Chorlton Brook, heavily culverted, enters the river here.  The brook flows through Chorlton Ees, an area of floodplain on the north bank of the Mersey once used as water meadow and pasture.  Gradually flood control measures were developed to reduce the disruption caused by periodic floods.

In the 19th century Chorlton Ees became a landfill site and a Sewage Farm was established on part of the site.  More recently the land has been cleaned up to create Chorlton Ees and Ivy Green Nature Reserve.

I puzzled over this unusual word: Ees.  On the OS map it crops up all along this stretch of river: Chorlton Ees, Sale Ees and Stretford Ees. It turns out that this is an archaic English term that harks back to the past use of these flood meadow as pasture. The names ‘Moss’ ‘Ees’ and ‘Carrs’, which are all associated with the river reflect its wetlands and periodic flooding.  Ees (plural of ee) means a piece of land liable to flood, or water meadow, and is derived from the Anglo-Saxon eg meaning ‘island’.

So, at least, I reached the point where I left the Mersey.  A mile from Sale, the Bridgewater canal and the Metrolink line to Altricham cross the river, the canal carried over the Mersey by an aqueduct.  This is like my O-level history coming to life: studying the Industrial Revolution, we learned how the Bridgewater Canal, built by Duke of Bridgewater to transport coal from his mines at Worsley to the industrial areas of Manchester, ushered in the golden age of canals which lasted from 1760 to 1830.
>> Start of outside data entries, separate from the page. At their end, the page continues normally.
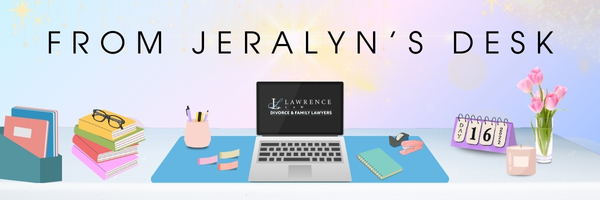 Illustration of a tidy desk with books, a laptop, office supplies, flowers, and a calendar displaying the 16th, with the text "From Jeralyn Lawrence's Desk" above. From Lawrence Law Firm New Jersey Family Lawyer.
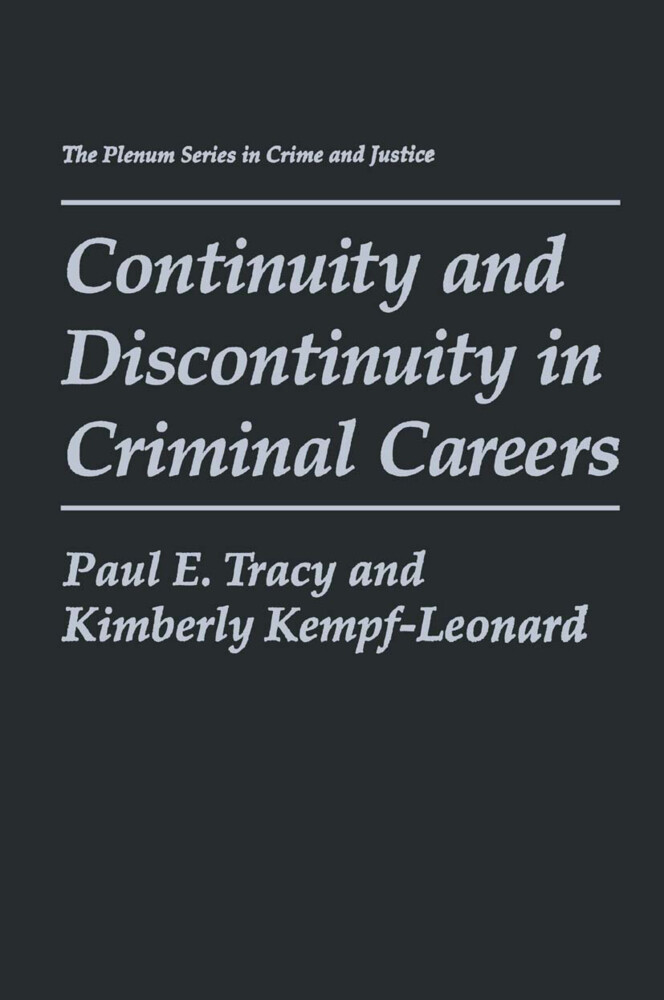Continuity and Discontinuity in Criminal Careers - Kimberly Kempf-Leonard/ Paul E. Tracy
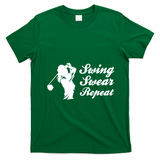 Funny Golf Swing Swear Repeat Female Golfer Version T-Shirt - Irish Green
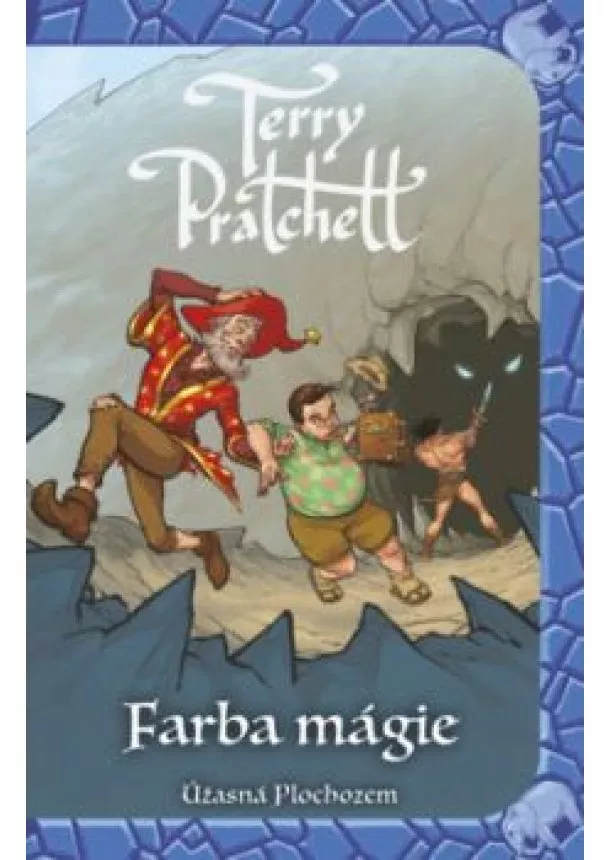 TERRY PRATCHETT - Farba mágie (Úžasná Plochozem 1, Vetroplaš 1)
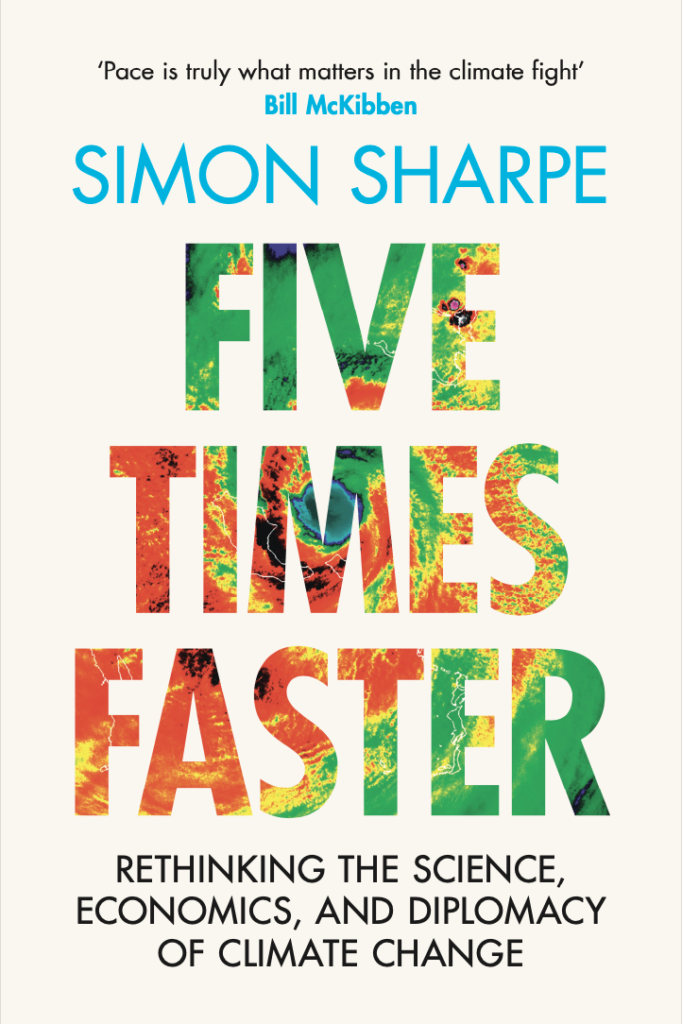 Five Times Faster: Rethinking the Science, Economics, and Diplomacy of Climate Change by Simon Sharpe.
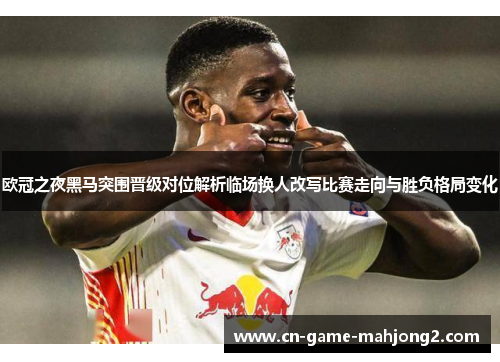 欧冠之夜黑马突围晋级对位解析临场换人改写比赛走向与胜负格局变化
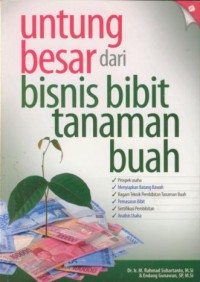 Untung besar dari bisnis bibit tanaman buah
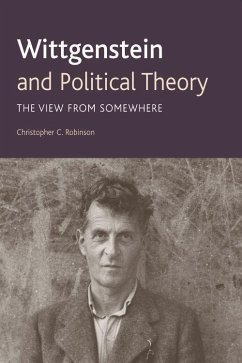 Wittgenstein and Political Theory - Robinson, Christopher C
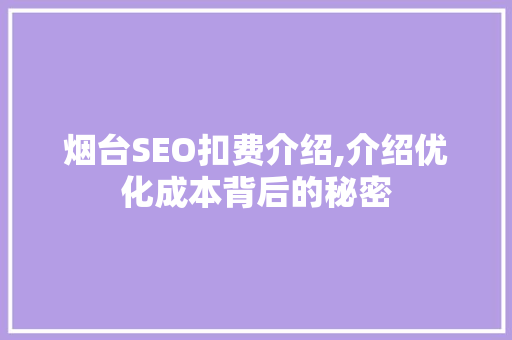 烟台SEO扣费介绍,介绍优化成本背后的秘密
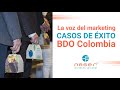 La Voz del Marketing   Casos de Éxito BDO Colombia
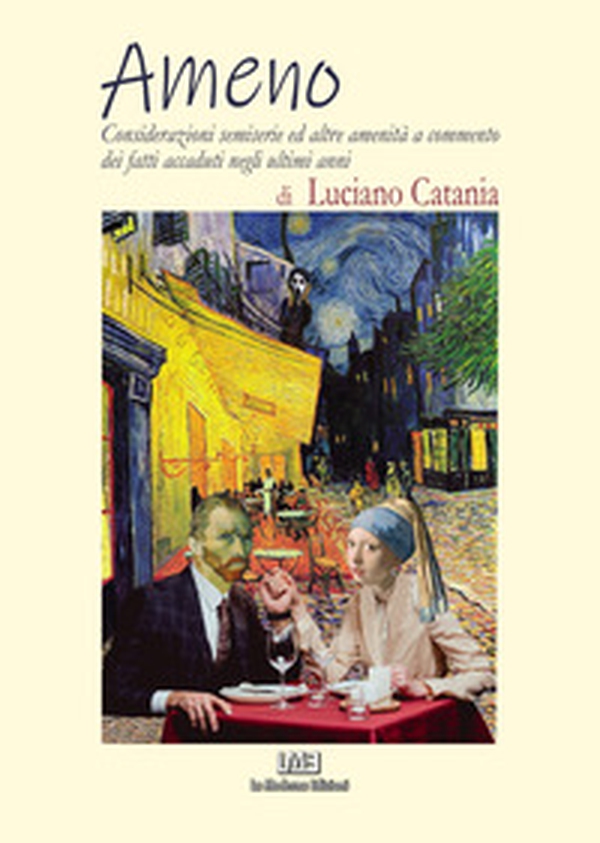 Ameno. Considerazioni semiserie ed altre amenità a commento dei fatti accaduti negli ultimi anni - Librerie.coop Ameno. Considerazioni semiserie ed altre amenità a commento dei fatti accaduti negli ultimi anni - Librerie.coop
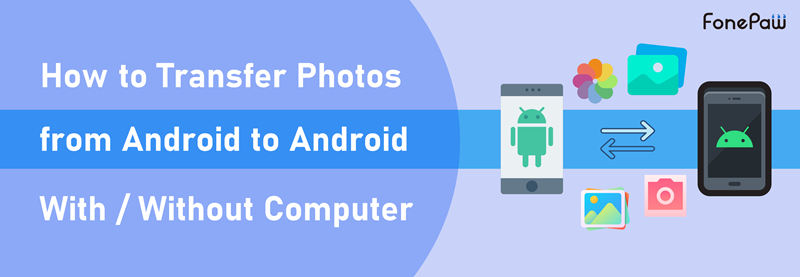 How to Transfer Photos from Android to Android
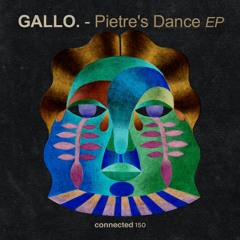 GALLO. - Pietre's Dance (connected 150) Release Date Oct 4th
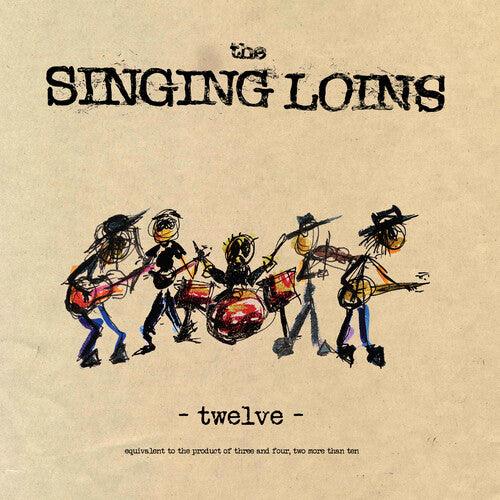 The Singing Loins- Twelve ( Vinyl )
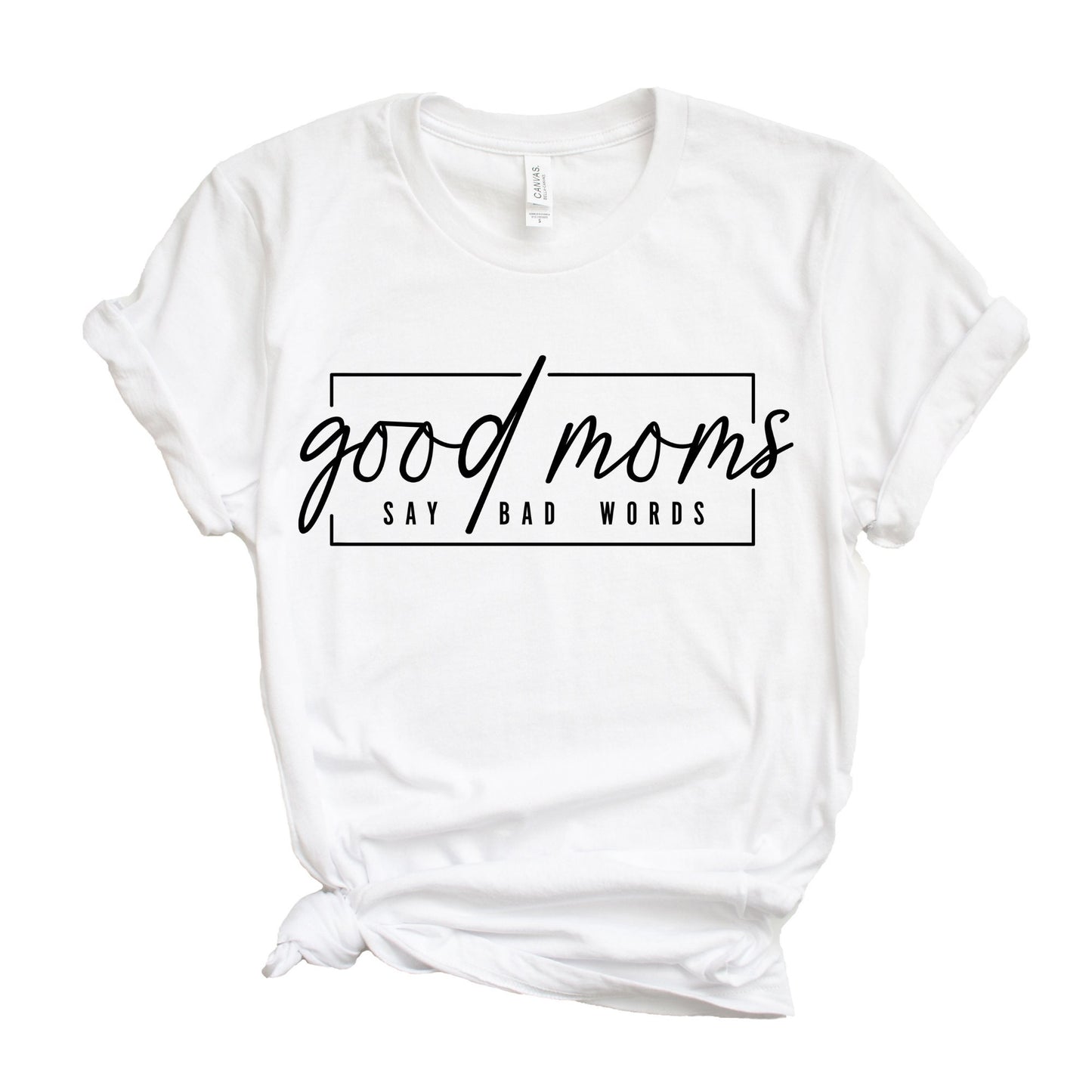 Good Moms Say Bad Words Shirt, Mother's Day Gift, Mommy Shirt, New Mom Gift, Gift for Mother, Mama Shirt, Womens Clothing, Mom Tee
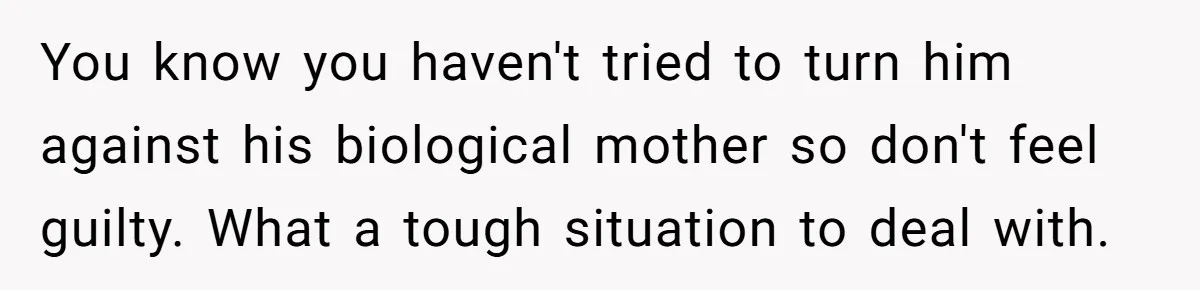 You know you haven't tried to turn him against his biological mother so don't feel guilty. What a tough situation to deal with.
Officially opened on 17th July 1761, the Bridgewater Canal was the first canal in Britain to be built without following an existing watercourse and it revolutionised the nation’s transport.  By the end of 1761 the Canal had reached Stretford, and by 1765 was through to Castlefield Wharf in the centre of Manchester. One of the panels of Ford Madox Brown’s Manchester Murals in Manchester Town Hall depicts ‘The Opening of the Bridgewater Canal A.D. 1761’.

I walked down the canal into Sale, where I caught the X5 bus back into Stockport; there I alighted at the bus station, beneath the arches of that magnificent viaduct.

Local artist EE Smith placed the viaduct centre-stage in his 1906 painting ‘Stockport from Brinksway’.